No Evangelho(Lc 1,1-4;4,14-21), apresenta-se Cristo como a Palavra que se faz pessoa no meio dos homens, a fim de levar a libertação e a esperança às vítimas da opressão, do sofrimento e da miséria. Sugere-se, também, que a comunidade de Jesus é a comunidade que anuncia ao mundo essa Palavra libertadora. No Evangelho, depois de apresentar o objetivo o conteúdo e a fonte de sua obra, Lucas nos apresenta Jesus na Sinagoga de Nazaré, em dia de sábado, em uma nova celebração da Palavra. A fonte do Evangelista São Lucas é: os acontecimentos que “nos foram transmitidos por aqueles que, desde o princípio foram testemunhas oculares e ministros da Palavra”(Lc 1,2). Jesus inaugura seu ministério com uma pregação programática no contexto de uma liturgia sinagogal, momento em que se proclamava, meditava e rezava a Palavra de Deus. Após proclamar a Palavra de Isaías(61,1-2), Jesus, Mestre e Sacerdote, profere a homilia enfatizando que “hoje” se cumpre aquela Escritura. Cumpre-se nele: “O Espírito do Senhor está sobre mim para anunciar a Boa-Nova, para proclamar a Boa-Nova, para proclamar a liberdade, a visão e um ano da graça do Senhor”. São Lucas, ao longo do Evangelho, descreverá exatamente o desenvolvimento e a realização desse programa ministerial de Jesus. A primeira reação das pessoas é a de admiração diante de suas palavras cheias de graça(Lc 4,22a). Porém, em seguida, a admiração se transforma em rejeição. Ficaram furiosos e o expulsaram da cidade(Lc 4,22b-30).

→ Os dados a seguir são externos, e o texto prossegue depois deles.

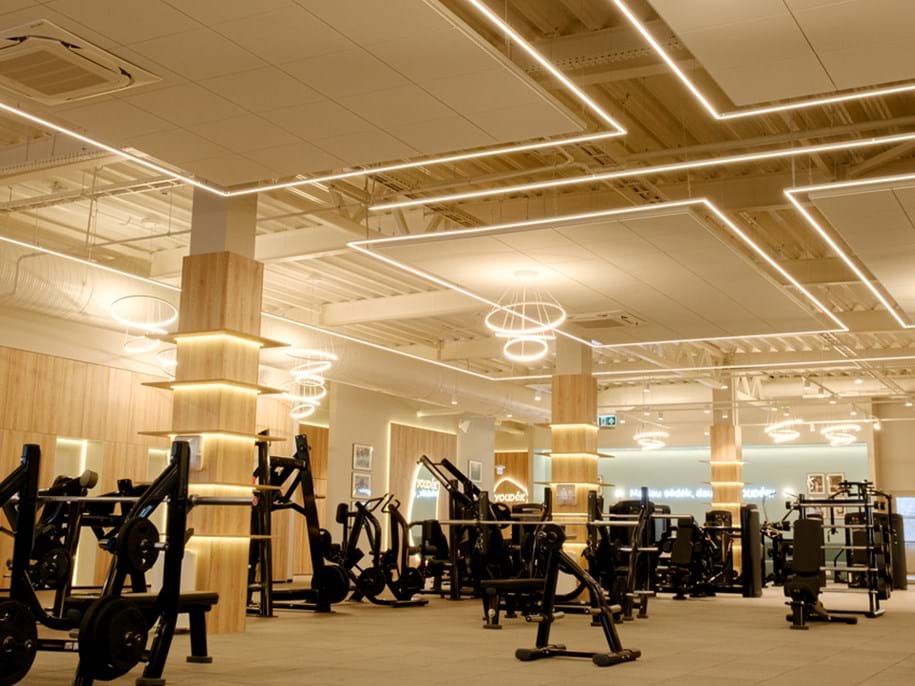 A spacious, modern gym with various weight machines and a bench in the foreground. The ceiling is adorned with elegant ring-shaped lights, and the area is well-lit with a clean, minimalist design.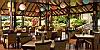 Restaurant, Nayara Hotel & Gardens, Arenal, Costa Rica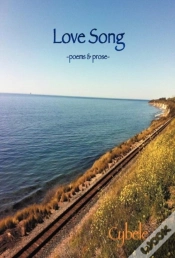 Capa do artigo Love Song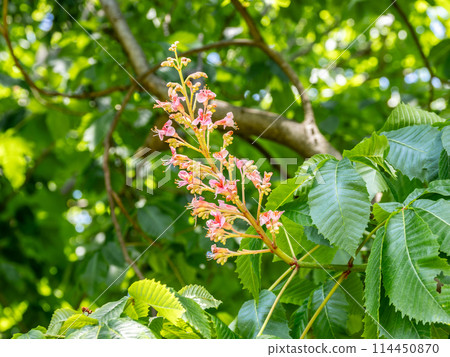 Safflower flower 114450870
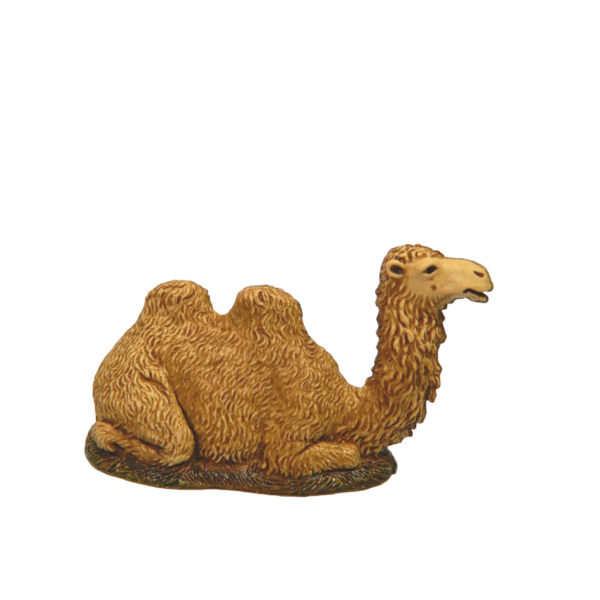 Sitting Camel Landi Moranduzzo for Tall Shepherds cm 8 - Animals for Nativity Scene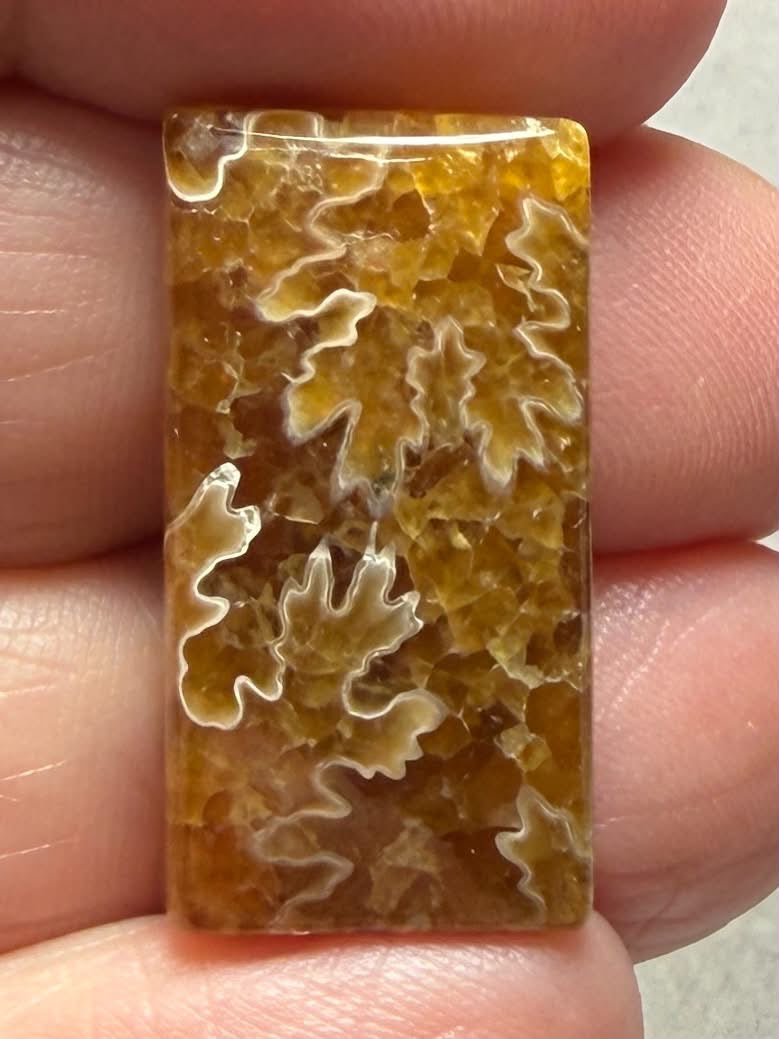 Rectangle 26x14mm Sutured Ammonite Cabochon 17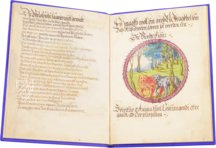 Alchemical Didactic Poem from 1556 –  – Ms P 2177 – Zentralbibliothek Zürich (Zürich, Switzerland)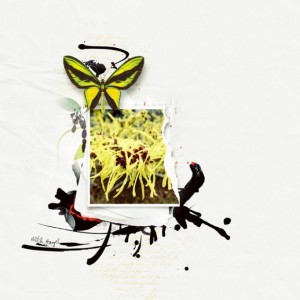 WitchHazel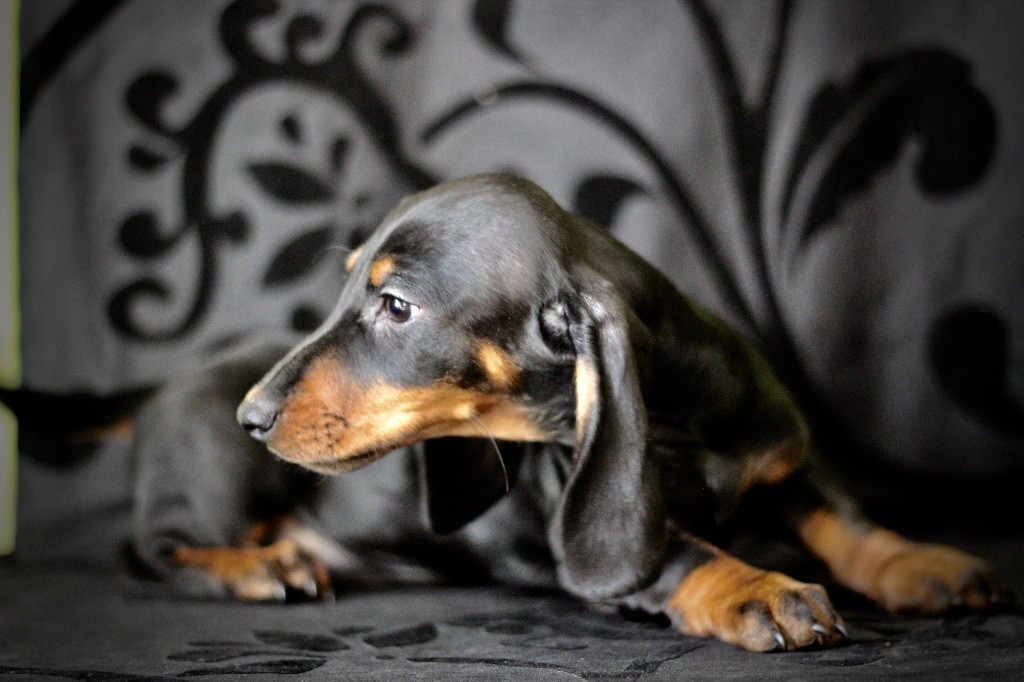 Chiots de la maison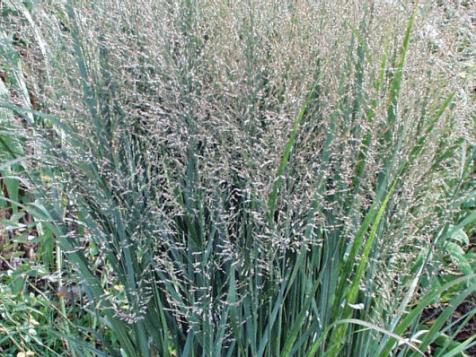 Types of Ornamental Grasses
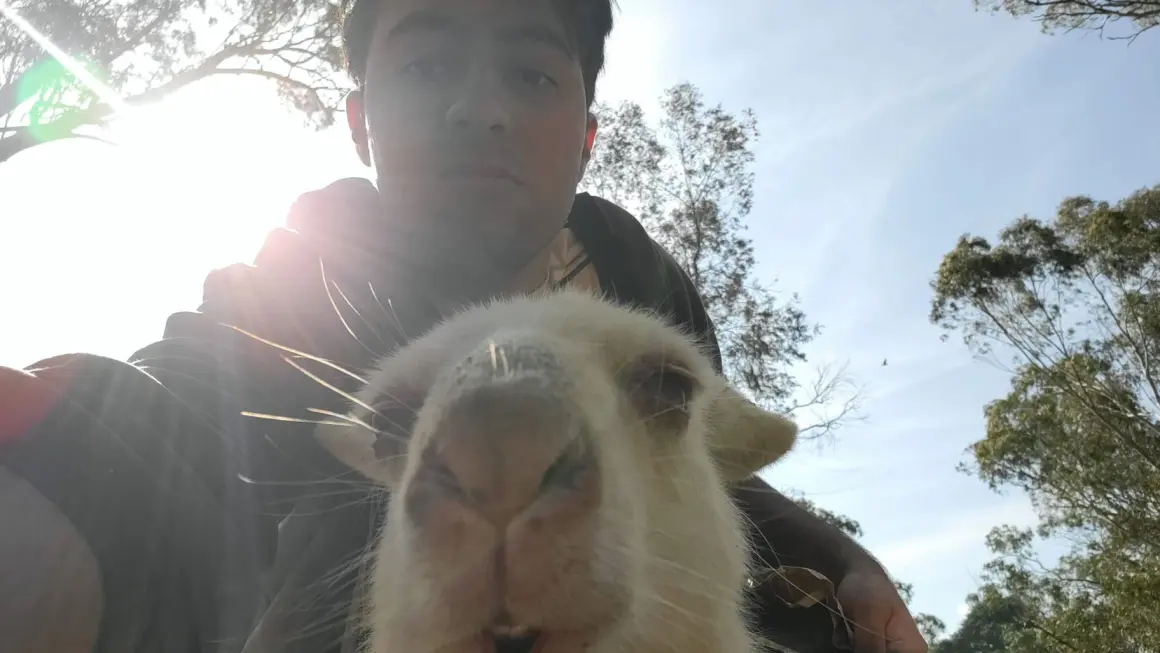 Person sammen med en kenguru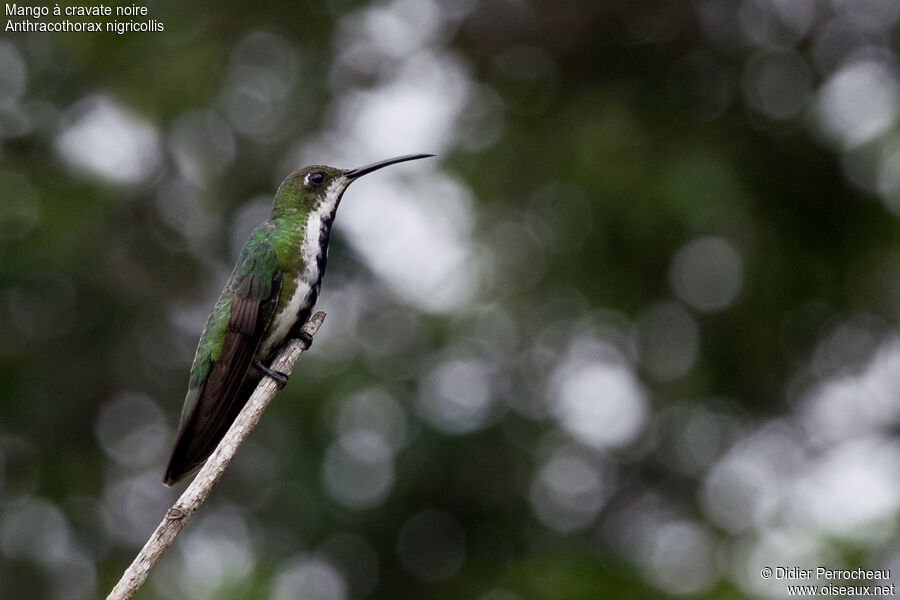 Black-throated Mango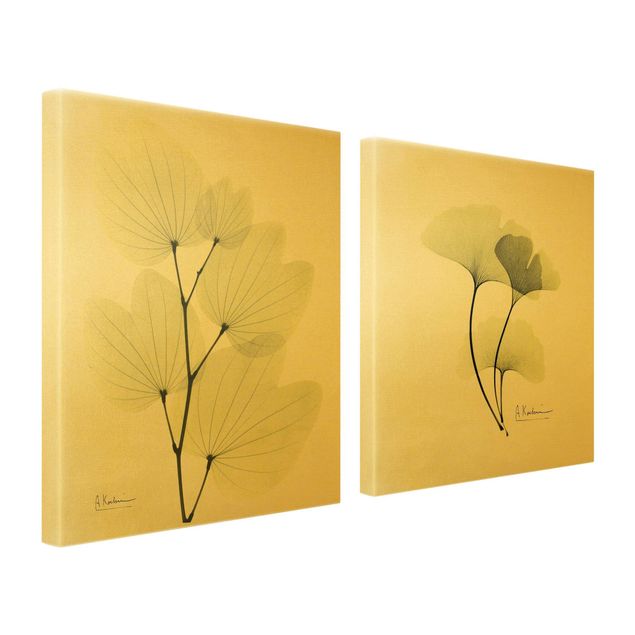 Green canvas wall art X-Ray - Orchid Tree Leaves & Ginkgo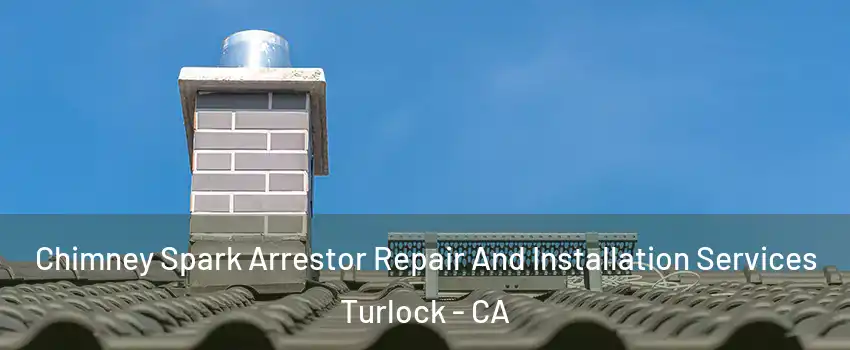  Chimney Spark Arrestor Repair And Installation Services Turlock - CA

A segunda leitura(1Cor 12,12-30) apresenta a comunidade gerada e alimentada pela Palavra libertadora de Deus: é uma família de irmãos, onde os dons de Deus são repartidos e postos ao serviço do bem comum, numa verdadeira comunhão e solidariedade. São Paulo mostra que a comunidade cristã pode ser comparada a um corpo humano com muitos membros. Cada um dos membros do corpo e da comunidade tem a sua importância e função, que não podem ser desprezadas. Unidos pelo mesmo Espírito, os membros da comunidade formam o “corpo místico de Cristo”.

O mesmo Espírito Santo que fortaleceu Jesus em sua missão terrena está em nós, animando e encorajando nossa missão. Olhando para o programa de vida de Jesus, perguntamo-nos sobre nosso projeto de vida pessoal, sobre o projeto evangelizador de nossas comunidades. A quem estamos levando a Boa Notícia de Jesus, e como permanecemos atentos ao Espírito de Deus em nós? Peçamos neste domingo e para a nossa via que o Espírito do Senhor esteja sobre cada um de nós para anunciarmos uma boa notícia aos pobres, excluídos e marginalizados. Para quem está com fome, boa notícia é ter garantido, a cada dia, o alimento e o sustento necessário; para os desempregados, é ter emprego; para os sem-teto, é contar com moradia. Somos chamados a atitudes e escolhas que cumpram essa missão dada a nós pelo Espírito Santo!